_Dataset excerpts_
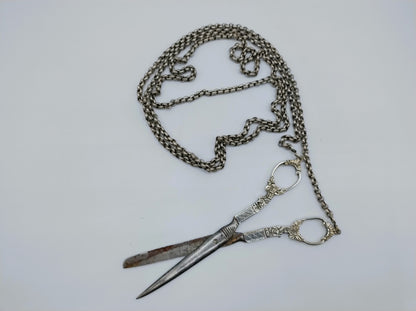 Zilveren schaar aan jasseron ketting, I.P.A. van Dieren, Kampen, ca. 1840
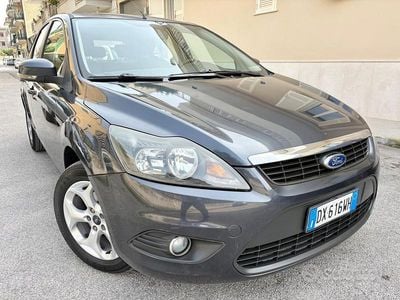 Usata Ford Focus 116 CV (85 kW) 2009 Grigio Berlina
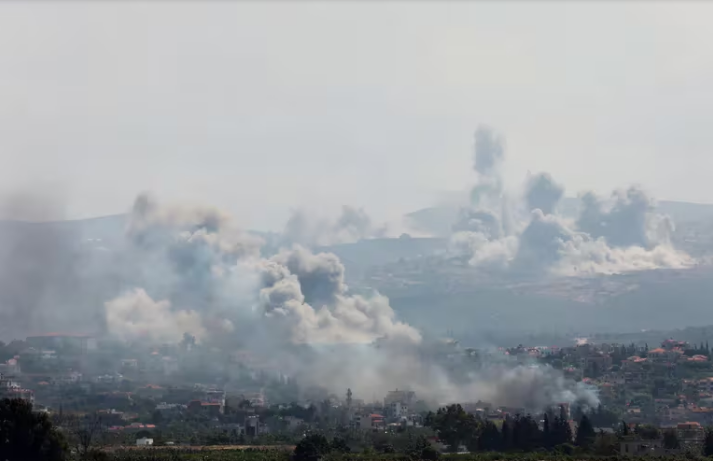 En este momento estás viendo Israel lanzó una operación contra más de 300 objetivos del grupo terrorista Hezbollah en el sur del Líbano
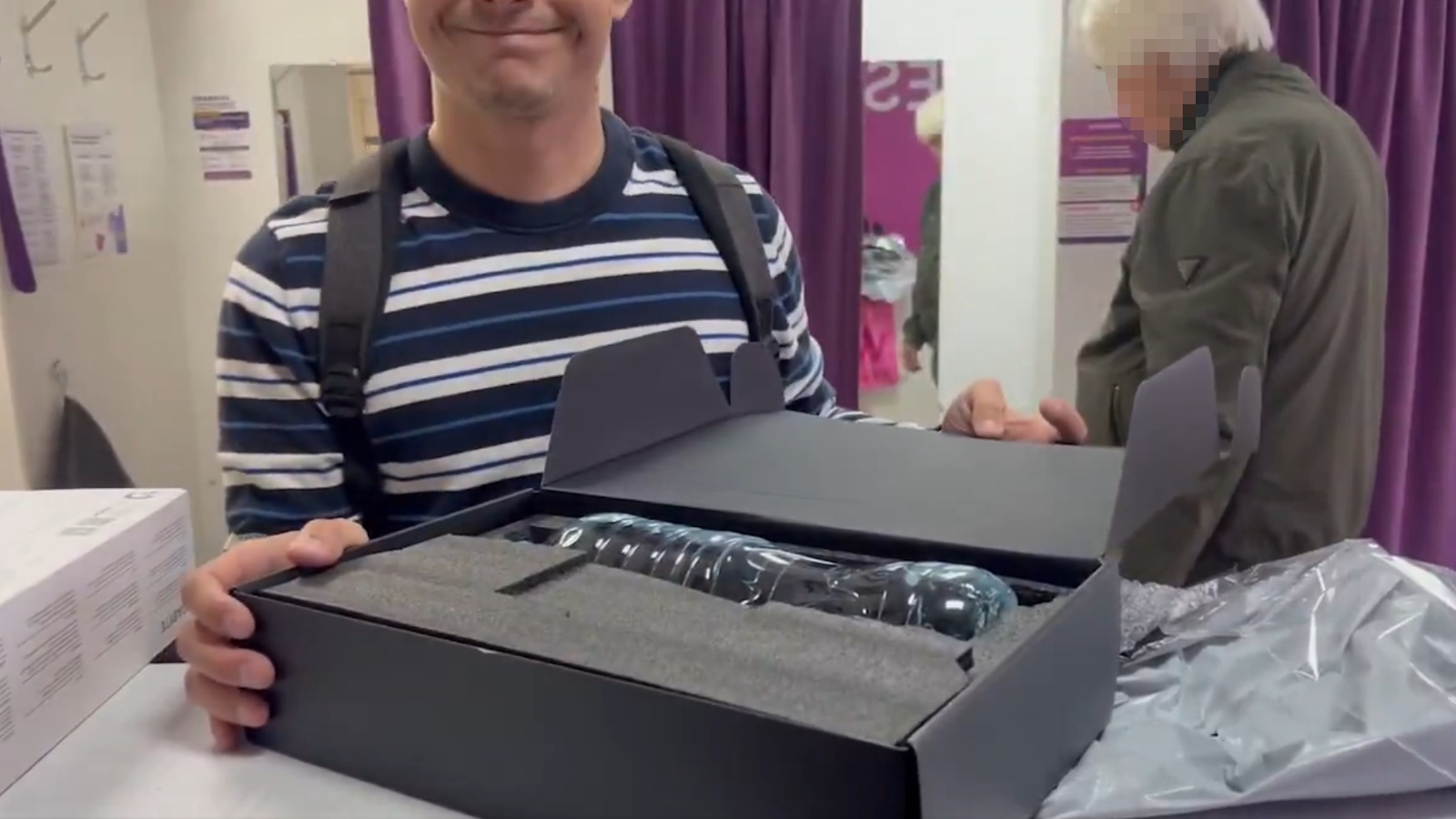 Pechvogel kauft sich 1.000 Euro-Grafikkarte, öffnet das eingeschweißte Paket und findet nur eine Wasserflasche drin - hat es sogar live auf Video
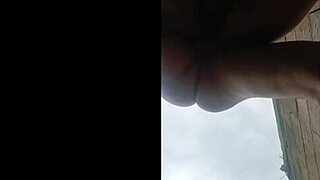 casi nos descubren follo a vecina mexicana al aire libre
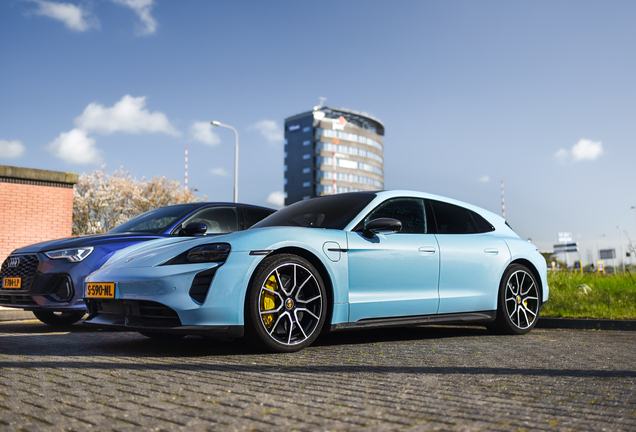 Porsche Taycan Turbo S Sport Turismo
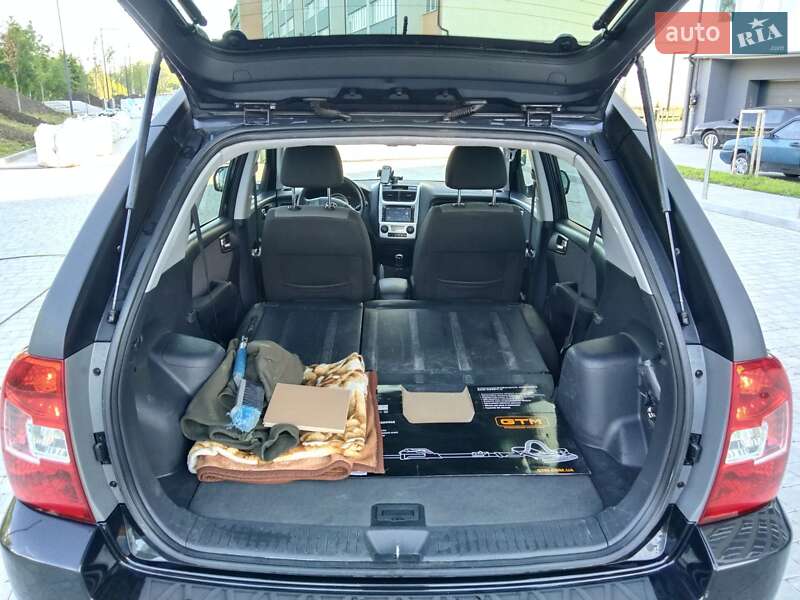 Позашляховик / Кросовер Kia Sportage 2008 в Івано-Франківську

_What this task involves_
Every entry must be reproduced exactly, with the images left out.

_Answer_
 Zilveren schaar aan jasseron ketting, I.P.A. van Dieren, Kampen, ca. 1840
 Usata Ford Focus 116 CV (85 kW) 2009 Grigio Berlina
 En este momento estás viendo Israel lanzó una operación contra más de 300 objetivos del grupo terrorista Hezbollah en el sur del Líbano
 Pechvogel kauft sich 1.000 Euro-Grafikkarte, öffnet das eingeschweißte Paket und findet nur eine Wasserflasche drin - hat es sogar live auf Video
 casi nos descubren follo a vecina mexicana al aire libre
 Porsche Taycan Turbo S Sport Turismo
 Позашляховик / Кросовер Kia Sportage 2008 в Івано-Франківську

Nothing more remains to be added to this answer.